AI Agent Context for CLAIRE MVP Implementation¶
Project Overview¶
CLAIRE is a TypeScript Electronic Lab Notebook (ELN) data collection system that renders schema-driven SOPs as tabbed forms with regulatory-compliant immutable storage. This document provides context for AI agents implementing the system.
Core Nomenclature (CRITICAL)¶
SOPTemplate: The generic schema that defines what SOPs are in general (meta-schema)
SOP: A specific Standard Operating Procedure schema that complies with the SOPTemplate
SOPMetadata: Additional data attached to an SOP (filename, author, etc.)
ELN: The actual filled-out data collected using an SOP
Flow¶
General data flow:
SOPTemplate (meta-schema) → SOP (specific procedure) → ELN (filled data)
In practice, the SOPTemplate serves dual purposes:
SAM (Authoring): SOPTemplateSchema → [Create New SOP] → sopTest1.yaml
CLAIRE (Validation): SOPTemplateSchema → [Validate SOP] → ✅ sopTest1.yaml conforms
Current Project State¶
Base Project: Working SAM application, a template-driven SOP authoring app
Goal: Extend SAM app with CLAIRE client/server webapp MVP functionality to operationalize the authored SOPs and deploy to AWS with user authentication (and in most cases, also authorization)

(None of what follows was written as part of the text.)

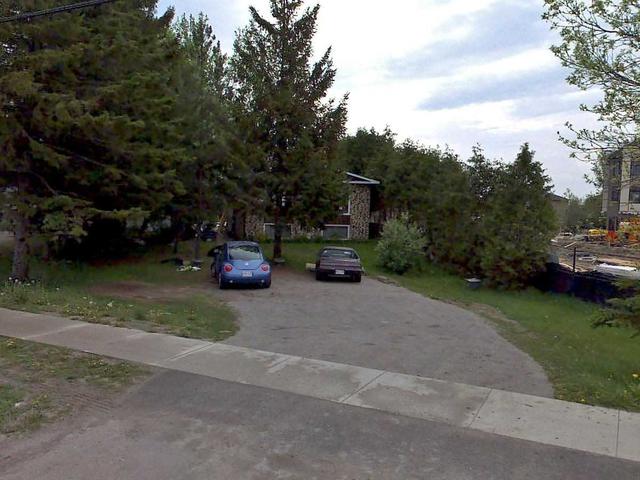 530 Essa Rd photo #1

Implementation Status: Third refactoring of CLAIRE, this time starting fresh with modular prompts
DO NOT REGRESS FRONTEND FUNCTIONALITY:
/frontend/src/sam/ works perfectly and has dependencies in /frontend/src/shared/, /frontend/.config/, do not regress do not edit
/frontend/build/ targets directly These files are generated/Makefile for creating targets/docs/source for markdowns
Directory Structure¶
<root>/
├── frontend/
│ ├── src/
│ │ ├── shared/ # Existing shared utilities
│ │ │ ├── schema/SOPTemplateSchema.yaml
│ │ │ │ # Template for authoring SOPs (source)
│ │ │ ├── lib/ # config-loader.ts, auth.tsx (basic versions)
│ │ │ ├── hooks/ # useSimpleAutosave.ts
│ │ │ ├── components/ # Reusable UI components
│ │ │ ├── types/ # Reusable types (config.ts)
│ │ │ └── views/ # Webapp-wide views (LoginPage.tsx)
│ │ ├── sam/ # SAM-specific code: SOP editor (adds no SOP schema template properties)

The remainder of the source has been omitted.